Bagatelle Table from Sweden

During the 19th century, many types of bagatelle games began to appear in France, in England, throughout Europe, and in North America as well. The photograph at the right is an example from Sweden.

Charles Dickens in the Pickwick Papers (1836-37) wrote that members of the Pickwick Club often relaxed at the bagatelle table in the Peacock Tavern! In an 1863 political cartoon Abraham Lincoln is pictured playing bagatelle using a cue and balls on a baize covered table with holes at the target end arranged in the shape of an ellipse. This type of stand-alone nine-hole bagatelle table remained a fixture in some British taverns, and the homes of the well-to-do into the 20th century. However, they lost out in favor of a newer modification - the Pinball Machine.

1886 PictureAs can be seen in this 1886 picture (left) from the Billiard Archive (Pittsburgh, Pa.), smaller table-top versions of bagatelle were produced in the late 19th century. To increase the challenge for the player on this smaller table, nails were added as barriers around the target holes. Then, instead of sticks to propel the balls (also reduced in size), a spring loaded plunger was added. Table-top bagatelle games of this type became popular children's games. Eventually these table top games evolved, and with the addition of mechanical devices (and legs) by the 1920s, became the modern Pinball Machine.

Closed Bagatelle Table

The Museum has two free standing bagatelle tables. Both were donations to the Collection. The design of bagatelle tables has not changed in about two hundred years - according to Gillows and Taylor of London, England - a maker and seller of bagatelle tables. One Museum owned table is very much like this sketch. It is made of stained and polished hardwood. The delicately fluted 18th century style legs are on small wheels. The rear set of legs are on a wooden track under the table, and thus, the rear legs can slide inward toward the front legs. The target side of the top can then be lifted and folded in half over the player side. A large brass dead bolt lock is at the player side, enabling the folded top to be locked to the bottom half. The bottom of the targeted side is finished wood. When closed, the table is about 5 feet long x 3 feet wide, and looks like a sideboard one might have in their dinning room or "study"! Prior to being donated to the Museum, this bagatelle table was part of the furnishings in a large, elaborate mansion.

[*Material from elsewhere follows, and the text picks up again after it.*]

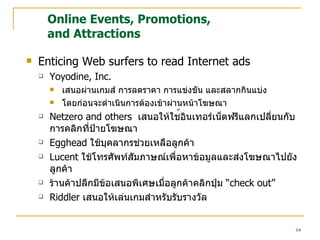 Online Events, Promotions,  and Attractions Enticing Web surfers to read Internet ads Yoyodine, Inc. เสนอผ่านเกมส์ การลดราคา การแข่ง ขั น และสลากกินแบ่ง โดยก่อนจะดำเนินการต้องเข้าผ่านหน้าโฆษณา Netzero and others  เสนอให้ใช ้ อินเทอร์เน็ตฟรีแลกเปลี่ยนกับการคลิกที่ป้ายโฆษณา Egghead  ใช้บุคลากรช่วยเหลือลูกค้า Lucent  ใช้โทรศัพท์สัมภาษณ์เพื่อหาข้อมูลและส่งโฆษณาไปยังลูกค้า ร้านค้าปลีกมีข้อเสนอพิเศษเมื่อลูกค้าคลิกปุ่ม  “ check out” Riddler  เสนอให้เล่นเกมสำหรับรับรางวัล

The second bagatelle table in the collection is the type that one might find in a tavern or pub before the advent of "pinball". It too is made of stained hardwood and it folds in half and locks. The top only was donated to the Museum. Presumably, this top rested upon special "industrial strength" legs when it was in use. This "table" is slightly smaller than the free standing table.

Open Bagatelle TableBoth playing surfaces are covered with a thick, tightly woven, green felt, padded top. Normally, the felt is stretched on to a smooth hard wooden surface or sheet of slate which rests on the table base, but Museum personnel have not attempted to determine which type of surface is under the felt on these tables. The top holds the traditional nine indented wooden cups at the targeted end. There are two markings on the surface at the player end - a "center spot", and a "near spot". The tables come equipped with nine ivory balls - 1 black, 4 white, 4 red - and 4 cue sticks. An area on the side of the frame on the top is used to keep score by means of holes and pegs much the same as on a Cribbage Board.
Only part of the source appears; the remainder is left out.